To qualify as disabled under the Act, a child under the age of eighteen must have "a medically determinable physical or mental impairment, which results in marked and severe functional limitations, and which can be expected to result in death or which has lasted or can be expected to last for a continuous period of not less than 12 months." 42 U.S.C. § 1382c(a)(3)(C)(1). Pursuant to this statutory dictate, the Social Security Administration has promulgated, by regulation, a three-step sequential analysis to determine whether a child is eligible for SSI benefits on the basis of a disability. Encarnacion ex rel. George v. Astrue, 586 F.3d 72, 75 (2d Cir.2009) (citing 20 C.F.R. § 416.924 et seq.).
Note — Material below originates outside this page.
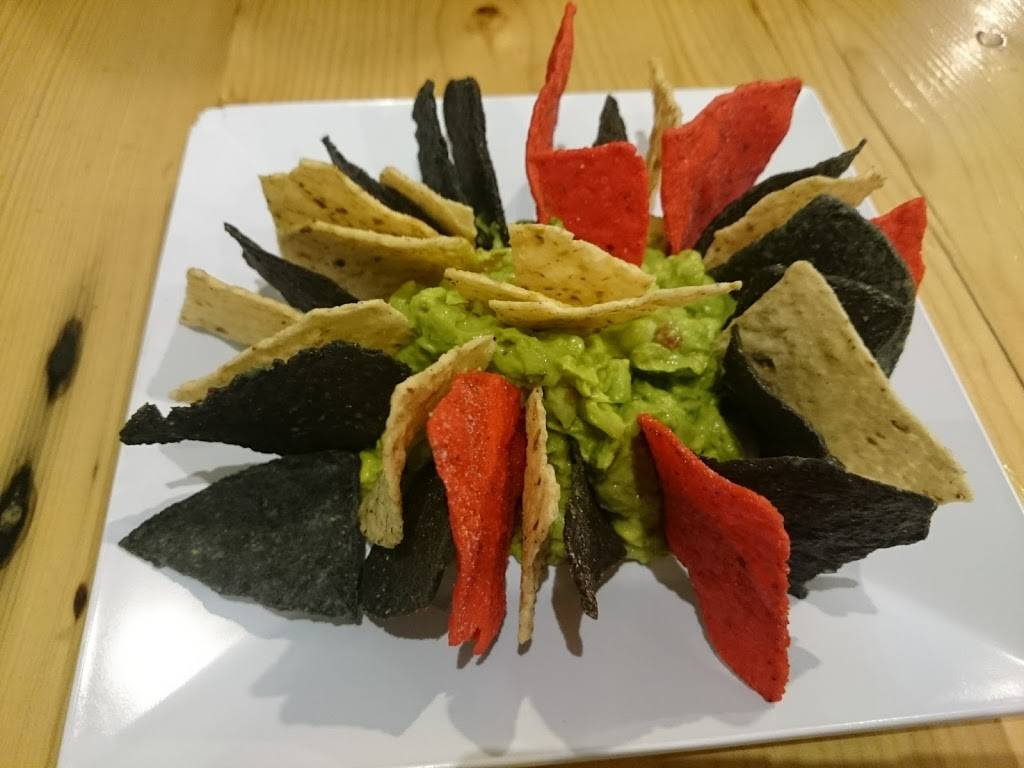 Green Life | restaurant | 266 Mamaroneck Ave, Mamaroneck, NY 10543, USA | 9143411725 OR +1 914-341-1725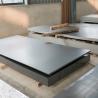 Buy cheap 24 Ga 26 Gauge 20 Ga 22 Gauge Galvanized Steel Sheet Metal 4x8 4x10 AZ150 For Fencing from wholesalers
Under this analysis, the plaintiff must show that: (1) the child was not engaged in substantial gainful activity; (2) the child had a "severe" impairment or combination of impairments; and (3) the child's impairment(s) met, medically equaled, or functionally equaled the severity of a listed impairment. 20 C.F.R. § 416.924. At the third step, "[f]or a child's impairment to functionally equal a listed impairment, the impairment must result in "marked" limitations in two domains of functioning or an "extreme" limitation in one domain.'" Encarnacion, 568 F.3d at 75 (quoting 20 C.F.R. § 416.926a(a)). A child's limitations are evaluated in the context of the following six domains of functioning:

(1) acquiring and using information;
(2) attending and completing tasks;
(3) interacting and relating with others;
(4) moving about and manipulating objects;
(5) caring for oneself; and
(6) health and physical well-being.

20 C.F.R. § 416.926a(b)(1).

V. The ALJ's Decision

The ALJ found that plaintiff was an adolescent (see 20 C.F.R. § 416.926a(g)(2)) who had not engaged in substantial gainful activity since February 16, 2010. T. 14. The ALJ found that plaintiff suffered from the following severe impairments: ADHD, ODD, bipolar disorder, asthma, and Osgood-Slaughter's syndrome. Id . At the third step, the ALJ found that plaintiff did not have an impairment or combination of impairments that met, medically equaled, or functionally equaled the severity of one of the listed impairments in 20 C.F.R. Part 404, Subpart P, Appendix 1 (20 C.F.R. §§ 416.924, 416.925, 416.926). T. 14-28.

VI. Discussion

Plaintiff contends that the ALJ erred in (1) finding that plaintiff did not have a marked impairment in the domain of interacting and relating with others; (2) finding that plaintiff did not have a marked impairment in the domain of caring for himself; and (3) evaluating plaintiff's and plaintiff's mother's credibility. Doc. 14-1.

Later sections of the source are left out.